Tim Homfray hears the recital of Franck, Lekeu and Bonis at London’s Wigmore Hall on 20 March 2025

Tom Poster and Elena Urioste. Photo: Johnny Millar

Tom Poster and Elena Urioste. Photo: Johnny Millar

This was French night at Wigmore Hall. The first half was described by pianist Tom Poster as music ‘off the beaten track’, to put Franck’s Violin Sonata, in the second half, into context. They opened with the Thème varié op.15 by Charlotte Sohy, written in the early 1920s. Its theme is sombre and was played by Elena Urioste with earnest intensity; succeeding variations led to playing of impassioned grandeur and exquisite repose.

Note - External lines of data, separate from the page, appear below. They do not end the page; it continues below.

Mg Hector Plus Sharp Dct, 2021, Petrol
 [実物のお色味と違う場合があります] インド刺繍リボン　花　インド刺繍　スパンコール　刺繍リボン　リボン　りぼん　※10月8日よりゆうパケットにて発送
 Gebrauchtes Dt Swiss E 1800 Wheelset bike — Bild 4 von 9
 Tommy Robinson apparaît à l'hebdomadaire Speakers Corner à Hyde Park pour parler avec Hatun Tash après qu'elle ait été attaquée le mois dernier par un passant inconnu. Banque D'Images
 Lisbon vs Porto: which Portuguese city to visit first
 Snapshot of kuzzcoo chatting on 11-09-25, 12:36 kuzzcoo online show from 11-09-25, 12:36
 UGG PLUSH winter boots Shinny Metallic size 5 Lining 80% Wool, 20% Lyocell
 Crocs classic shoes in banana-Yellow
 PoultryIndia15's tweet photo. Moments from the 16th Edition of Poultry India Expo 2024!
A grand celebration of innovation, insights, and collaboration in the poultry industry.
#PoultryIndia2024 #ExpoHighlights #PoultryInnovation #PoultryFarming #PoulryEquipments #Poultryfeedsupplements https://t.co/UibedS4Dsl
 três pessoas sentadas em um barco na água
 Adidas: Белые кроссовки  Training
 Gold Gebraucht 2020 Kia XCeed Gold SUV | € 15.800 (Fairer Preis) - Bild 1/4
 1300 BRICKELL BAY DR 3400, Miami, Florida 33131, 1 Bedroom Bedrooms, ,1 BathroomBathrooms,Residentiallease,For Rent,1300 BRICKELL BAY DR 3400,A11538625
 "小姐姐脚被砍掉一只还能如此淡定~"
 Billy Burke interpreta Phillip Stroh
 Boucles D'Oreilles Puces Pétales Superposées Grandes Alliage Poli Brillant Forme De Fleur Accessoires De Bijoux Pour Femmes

The first movement of Guillaume Lekeu’s G major Violin Sonata (1892) was light and seductive before the piece gets down to business, which brought a muscular, dramatic response from Urioste, with Poster a powerhouse beneath. The long, winding slow movement, lent a restlessness by its 7/8 time signature, had an affecting sensitivity, and there was urgency in the turbulent minor-key waters of the finale before the triumphant ending. Two works by Mel Bonis, the Andante religioso and Allegretto ma non troppo, were essentially simple and beautifully shaped.

The first movement of the Franck was flowing and nicely structured, and the following Allegro cracked on with powerful emotional intent, leavened by passages of quiet tonal beauty, with some splendid G-string passion. There were magical shifts of voice and character in the Recitativo-Fantasia, and the forceful, brisk finale was as much intimate as demonstrative, for all its technical demands.